Nov 25-29 - Hamburg, Germany - Elbphilharmonie

* Performance with Silkroad Ensemble — Sanctuary: The Power of Resonance and Ritual

 

American Tunes: Lift Ev’ry Voice and Sing Tour

June 26 - Seattle, WA - Chateau St. Michelle (with Mary Chapin Carpenter and Hurray for the Riff Raff) 

June 27 - Bend, OR - Hayden Homes Amphitheater (with Mavis Staples, Mary Chapin Carpenter and Hurray for the Riff Raff)

July 30 - Bentonville, AR - The Momentary (with Mavis Staples, Mary Chapin Carpenter and Hurray for the Riff Raff)

Aug 1 - Asheville, NC - Hellbender by The Orange Peel (with Mavis Staples, Mary Chapin Carpenter and Hurray for the Riff Raff)
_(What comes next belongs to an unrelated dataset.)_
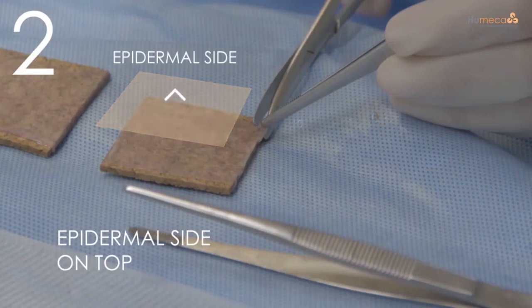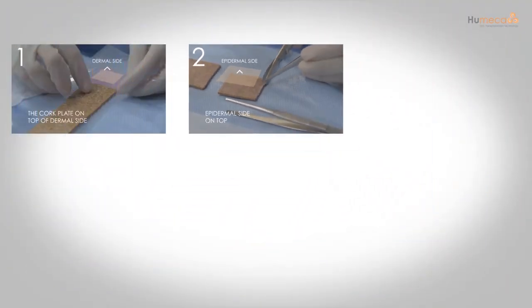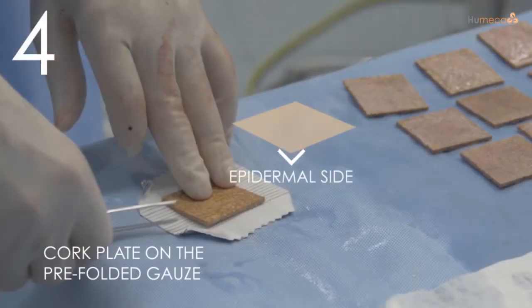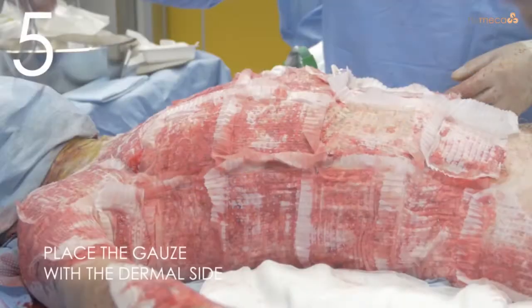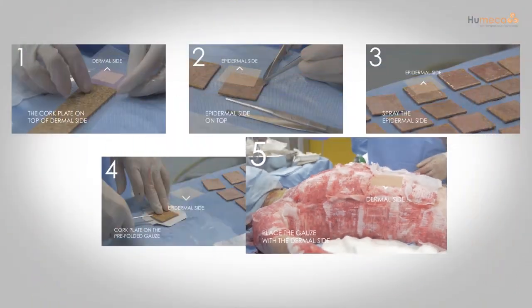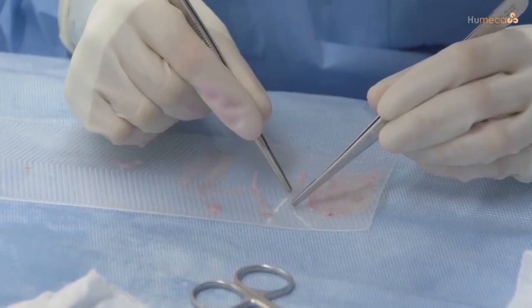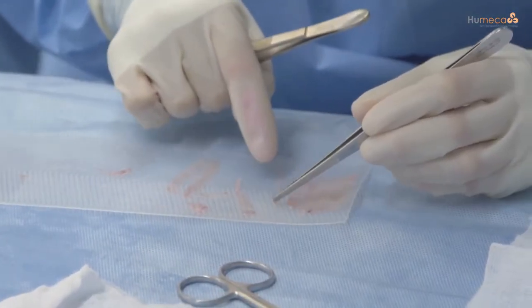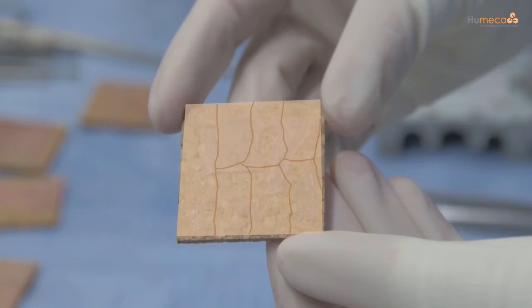Place the cork plate on the dermal side of the skin, then turn the cork plate over with the epidermal side on top. After cutting it twice, spray the epidermal side with glue, then place the cork plate on the pre-folded gauze, taking care that it is lined up exactly on the central square of the gauze. After removing the cork plate and expansion, place the gauze with the dermal side of the skin on the wound bed. Left over pieces of skin can also be used — no skin is wasted, which is especially advantageous in cases of extensive burns where donor sites are scarce.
Aug 2 - Pelham, TN - The Caverns Outdoor Amphitheater (with Mavis Staples, Mary Chapin Carpenter and Hurray for the Riff Raff)

About Rhiannon Giddens

Rhiannon Giddens has made a singular, iconic career out of stretching her brand of folk music, with its miles-deep historical roots and contemporary sensibilities, into just about every field imaginable. A two-time GRAMMY Award-winning singer and multi-instrumentalist, MacArthur “Genius” grant recipient, Pulitzer Prize winner, and composer of opera, ballet, and film, Giddens has centered her work around the mission of lifting up people whose contributions to American musical history have previously been overlooked or erased, and advocating for a more accurate understanding of the country’s musical origins through art.

Giddens has released three albums under her own name and two in collaboration with Italian multi-instrumentalist Francesco Turrisi, all on Nonesuch Records. American Railroad, her first album in collaboration with the Silkroad Ensemble, was released in November 2024. A collaboration with Justin Robinson, What Did the Blackbird Say to the Crow, was released in April 2025.
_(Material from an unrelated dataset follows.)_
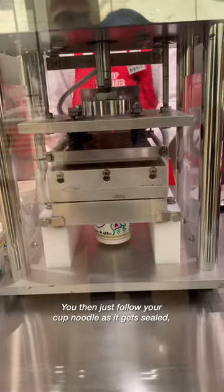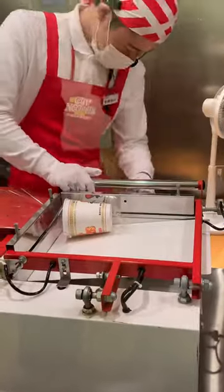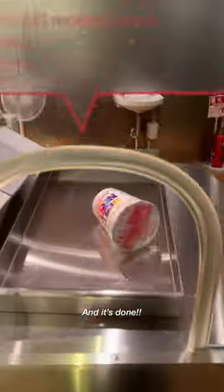You then just follow your cup noodle as it gets sealed, wrapped in plastic, and lastly put into this heating tunnel to shrink wrap it. And it's done!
A founding member of the landmark Black string band Carolina Chocolate Drops, and the all-female banjo supergroup, Our Native Daughters, Giddens is as much a curator as a creator. She is the current Artistic Director of the Yo-Yo Ma-founded Silkroad Ensemble, hosts a TV show on PBS, My Music with Rhiannon Giddens, and has hosted two podcasts (Aria Code from New York City’s NPR affiliate station WQXR, which ran for three seasons, and American Railroad from Silkroad). Giddens has published two children's books and written and performed music for the soundtrack of Red Dead Redemption II, one of the best-selling video games of all time. She was a music consultant for 2025’s landmark film Sinners, and appeared as a recurring cast member on ABC's hit drama Nashville and as a music history expert on Ken Burns’ Country Music series on PBS. In 2025, she launched her own music festival in Durham, NC called Biscuits & Banjos, to celebrate Black culture outside the mainstream, and in 2026 she turned that initiative into a Foundation to house her mission-based work, the Biscuits and Banjos Foundation.

As Pitchfork once said, “few artists are so fearless and so ravenous in their exploration”—a journey that has led to NPR naming her one of its 25 Most Influential Women Musicians of the 21st Century and to American Songwriter calling her “one of the most important musical minds currently walking the planet.”